Data below -
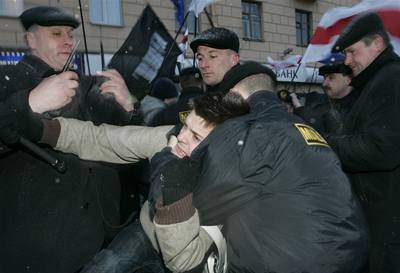 Bloruská policie zbila a zatkla desítky opoziních demonstrant.
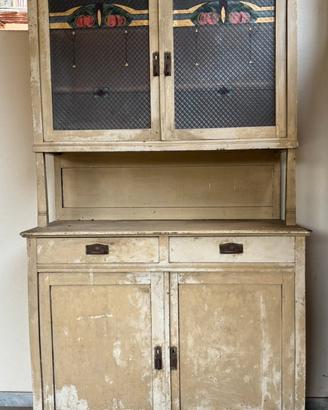 Credenza antica in legno- da restaurare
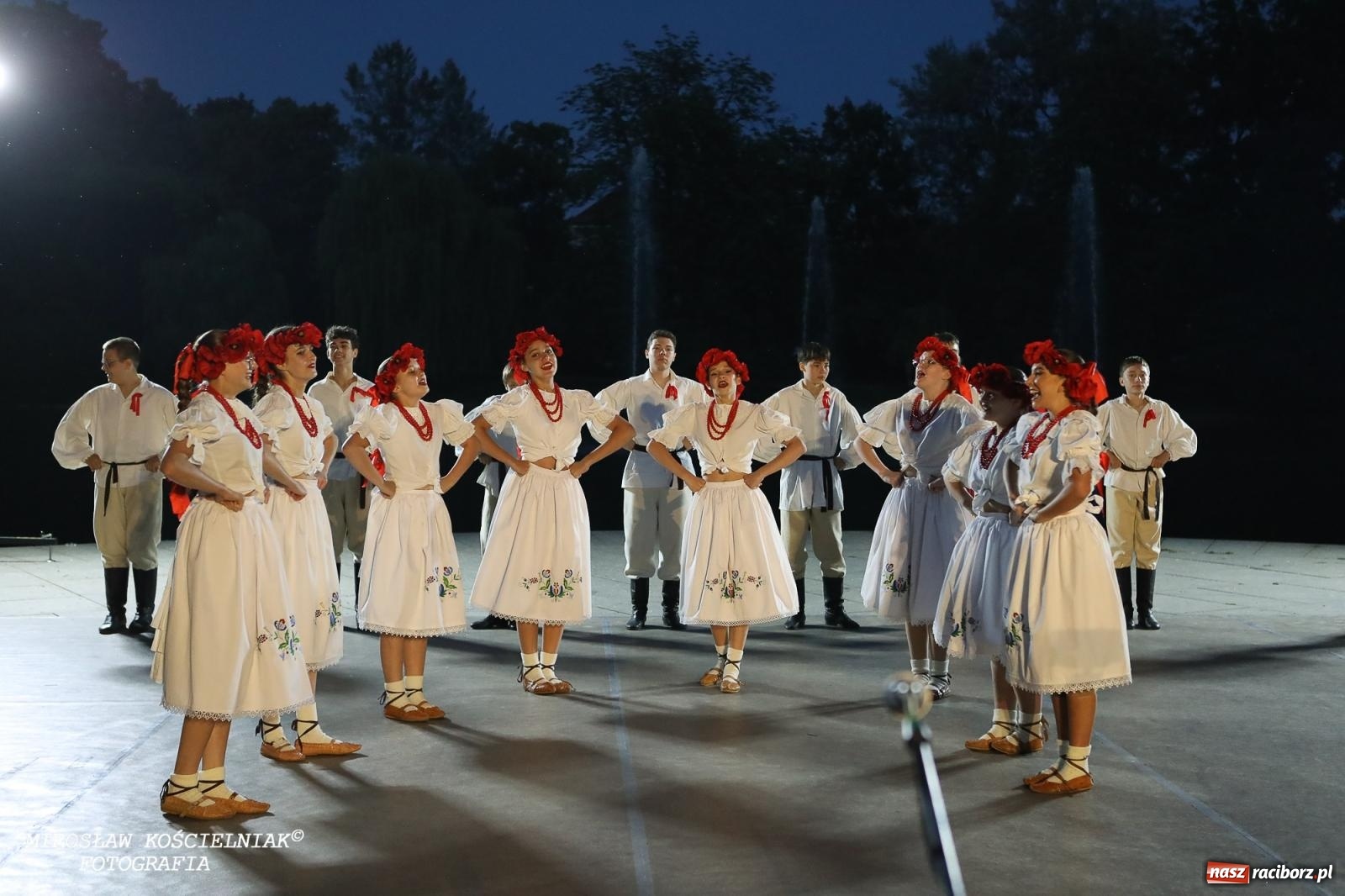 Zdjęcie w galerii na portalu naszraciborz.pl: Noc Świętojańska znów rozświetliła Park Roth - foto na bis! wiadomości z regionu
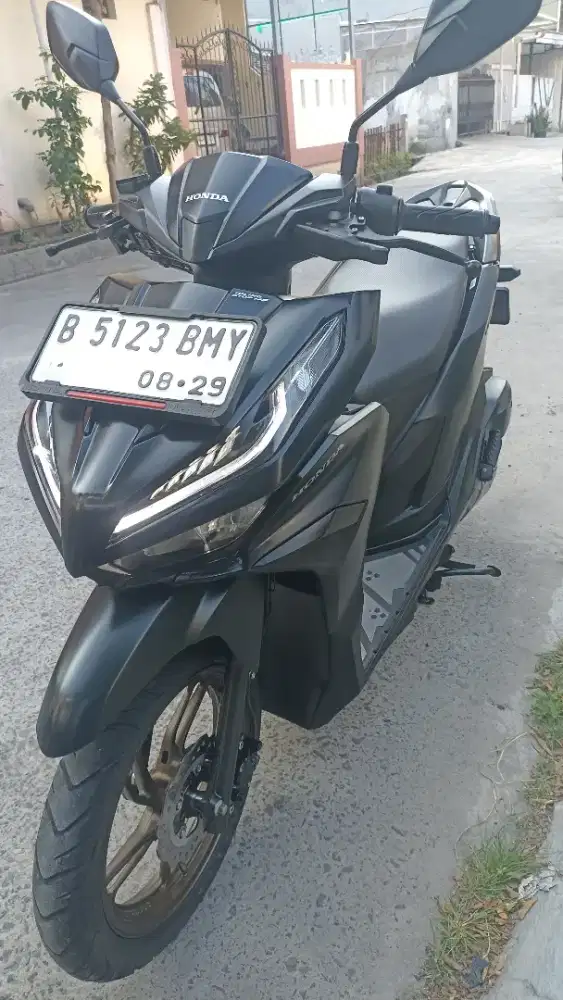 Honda Vario 125 keyles CBS ISS tahun 2024 ( pajak baru 8-2027 ).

Task description -
Give back exactly the lines from the one that contains "Zdjęcie w galerii" to the final line of the data above, both included, with all pictures removed.

Answer to this task -
 Zdjęcie w galerii na portalu naszraciborz.pl: Noc Świętojańska znów rozświetliła Park Roth - foto na bis! wiadomości z regionu
 Honda Vario 125 keyles CBS ISS tahun 2024 ( pajak baru 8-2027 ).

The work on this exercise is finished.